Courts must apply a categorical approach to determine whether an offense is a crime of violence under the elements clause. United States v. Hill, 890 F.3d 51, 55 (2d Cir. 2018) (citing Taylor v. United States, 495 U.S. 575, 600, 110 S. Ct. 2143, 2159, 109 L. Ed. 2d 607 (1990)); see United States v. Acosta, 470 F.3d 132, 135 (2d Cir. 2006) (per curiam). Under the categorical approach, an offense is a crime of violence where the "minimum conduct necessary for a conviction of the predicate offense" involves violence. See Hill, 890 F.3d at 55-56; United States v. Culbert, No. 19-CR-0613, 2020 WL 1849692, at *1 (E.D.N.Y. Apr. 13, 2020). To determine this, a court must "look only to the statutory definitions--i.e., the elements--of the offense," to resolve whether commission of the crime requires violence. See Hill, 890 F.3d at 55-56 (internal quotation marks and brackets omitted).

The categorical approach saves courts from determining on a case-by-case basis how violent the ultimate conduct was, or from making a more general inquiry into "the kind of conduct that the crime involves in the ordinary case." Davis, 139 S. Ct. at 2326 (citing Dimaya, 138 S. Ct. at 1216). A predicate crime will not support a conviction under the § 924(c) elements clause if there is a "a realistic probability, not a theoretical possibility, that the statute at issue could be applied to conduct that does not" involve violence. Hill, 890 F.3d at 56 (internal quotation marks and citation omitted). In 2019, the Second Circuit applied the categorical approach to conspiracy to commit Hobbs Act Robbery, ruling that "Davis precludes us from concluding . . . that Barrett's Hobbs Act robbery conspiracy crime qualifies as a § 924(c) crime of violence." Barrett, 937 F.3d at 127.

C. As to Whether Defendant's Predicate Offenses are Crimes of Violence

In this case, the record does not expressly state whether the Court relied on ether § 924(c)'s elements clause or residual clause regarding her § 924(c) conviction. (See Sent'g Tr.) While the parties do not brief this issue, the Court notes that the Second Circuit has yet to resolve whether a habeas petitioner must show that the trial court relied on the residual clause when imposing a § 924(c) sentence.

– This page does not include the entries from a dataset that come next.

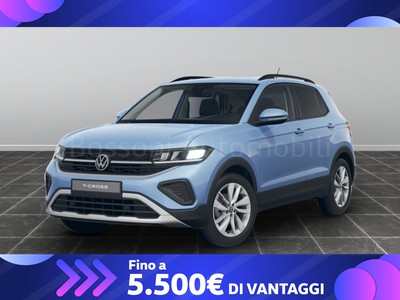 Volkswagen T-Cross 1.0 tsi 95cv edition plus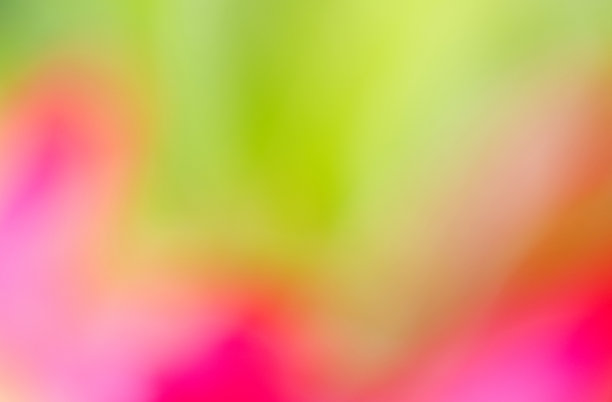 底色为绿色和黄色，底色带有模糊的粉红色，自然美图片下载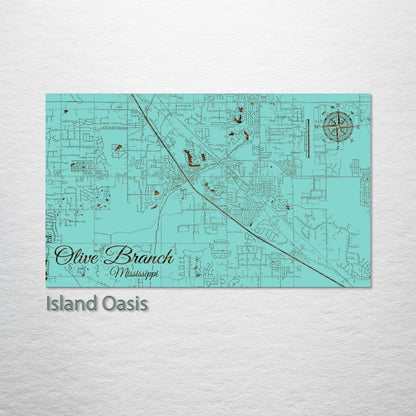 Olive Branch, Mississippi Street Map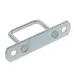 PROWADNICA PLANDEKOWA 25X51X15MM PROSTOKĄTNA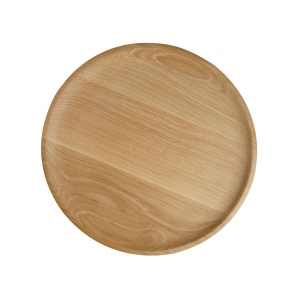 Assiette en bois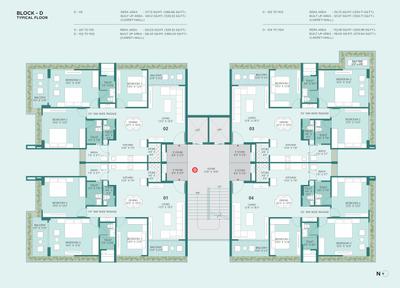 Project Image of 1273.0 - 2055.0 Sq.ft 3 BHK Apartment for buy in Dev Pinnacle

See Acosta v. United States, No. 03-CR-0011, 2019 WL 4140943, at *7, n.7 (W.D.N.Y. Sept. 2, 2019) ("The Second Circuit has not addressed the petitioner's burden in showing reliance when it is unclear from the sentencing record whether he was sentenced under the residual clause or force/elements clause."). Multiple courts in this Circuit have concluded however, that "'a petitioner can meet his burden of proving constitutional error [under Johnson] by demonstrating that his sentence may have been based on the residual clause.'" See Memoli v. United States, No. 04-CR-0140, 2017 WL 3559190, at *11 (S.D.N.Y. July 11, 2017) (emphasis in original), adopted by United States v. Memoli, 2017 WL 3504918 (S.D.N.Y. Aug. 15, 2017) (quoting Thrower v. United States, 234 F. Supp. 3d 372, 378 (E.D.N.Y. 2017), rev'd on other grounds, 914 F.3d 770 (2d Cir. 2019), cert. denied, 140 S. Ct. 305, 205 L. Ed. 2d 200 (2019)); Diaz v. United States, No. 16-CV-0323, 2016 WL 4524785, at *5 (W.D.N.Y. Aug. 30, 2016) (ruling on Johnson claim that "where . . . it is unclear upon what portion of the 'violent felony' definition the sentencing court relied, a defendant has 'successfully demonstrated constitutional error simply by showing that the court might have relied on an unconstitutional alternative when it found [his] prior convictions for robbery . . . were violent felonies.'") (quoting United States v. Ladwig, 192 F. Supp. 3d 1153, 1159 (E.D. Wash. 2016)).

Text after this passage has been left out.